The cache hit rate looked good in aggregate. But it was hiding the fact that I was optimizing for the wrong workload.

The invalidation storm

Then there’s the problem of keeping the cache fresh.

My user profile endpoint has a 5-minute TTL. Seems reasonable. Profiles don’t change that often.

But I have 12 different services that can update a user profile: the main app, the mobile API, the admin panel, the billing service, the notification service, and seven background jobs I forgot about.

Every time one of these services writes to the profile, it needs to invalidate the cache key. I was doing this with a cache invalidation webhook pattern — each service sends a DELETE request to the cache layer when it updates data.

Except half the time, the webhook didn’t fire. The service would update the database, return success to the user, and forget to invalidate the cache.

So users would update their profile. See the changes immediately. Then refresh the page 30 seconds later and see the old data again.

The cache was serving stale data 50 percent of the time on write-heavy endpoints.

What I tried before turning it off

I didn’t give up immediately. I tried the standard fixes:

Shorter TTLs. Dropped from 5 minutes to 30 seconds. This reduced stale data but increased cache misses so much that the average latency got worse.

Cache-aside pattern. Instead of writing through the cache, I’d invalidate on write and let reads repopulate. This helped with staleness but added complexity — now I had to handle cache misses gracefully and deal with thundering herd problems on popular keys.

Write-through caching. Every write updates both the database and the cache simultaneously. This eliminated staleness but doubled the write latency — now every write had to wait for Redis to confirm.

Pre-computed cache keys. I tried to predict what queries would be popular and pre-warm those keys. This worked for maybe 20 percent of traffic. The other 80 percent was too dynamic to predict.
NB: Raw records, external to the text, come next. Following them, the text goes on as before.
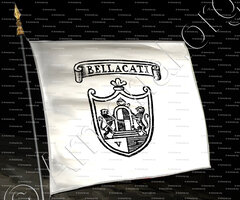 drapeau-BELLECATI_Padova_Italia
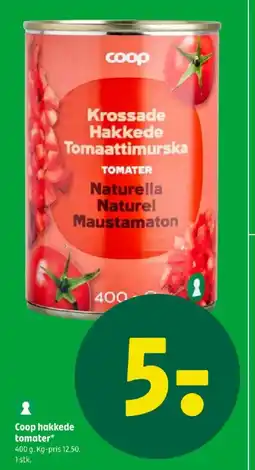 Coop 365 Coop hakkede tomater tilbud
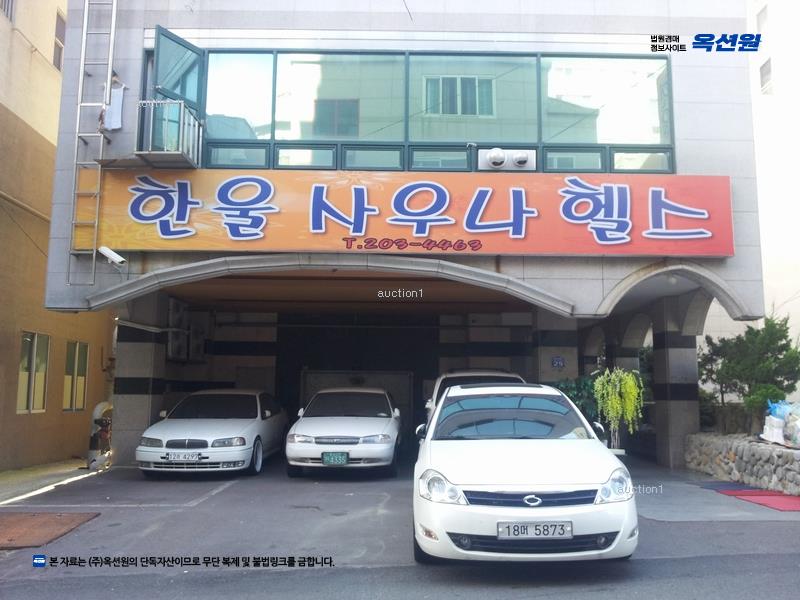 2025타경101819 부산광역시 사하구 승학로3번길 25, 한울엠비시어스 1,2,3,4층 101호 근린상가 경매 이미지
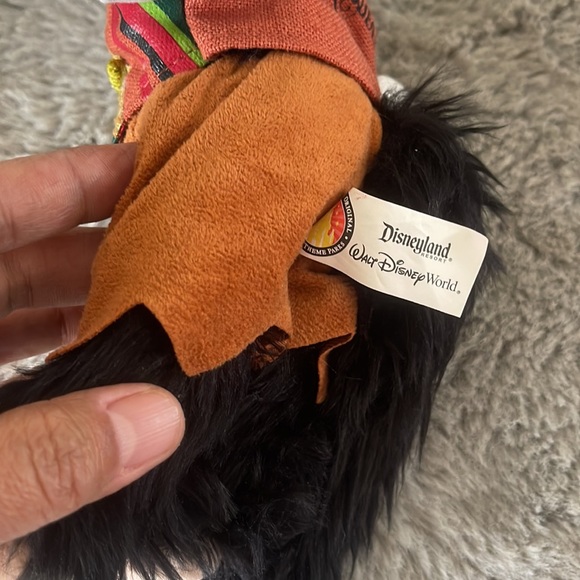 Disney Pirates of the Caribbean Jack Plush Toy Monkey 10” - Picture 5 of 6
Each fix solved one problem and created two new ones. The caching layer went from 200 lines of simple Redis get/set code to 800 lines of invalidation logic, fallback handling, and cache warming strategies.

The endpoints that actually benefit

After three days of debugging, I found the 25 percent of endpoints where caching made sense:

1. Static configuration data — feature flags, app settings, version info. These change maybe once a day and get read on every page load.

2. Aggregated analytics — dashboard charts, summary statistics. These are expensive to compute (multiple joins, large date ranges) but change infrequently.

3. External API responses — data I fetch from third parties with rate limits. Caching these saves both latency and API quota.

For these three categories, caching delivered 10x latency improvements. A dashboard query that took 800ms dropped to 15ms with a 1-minute cache.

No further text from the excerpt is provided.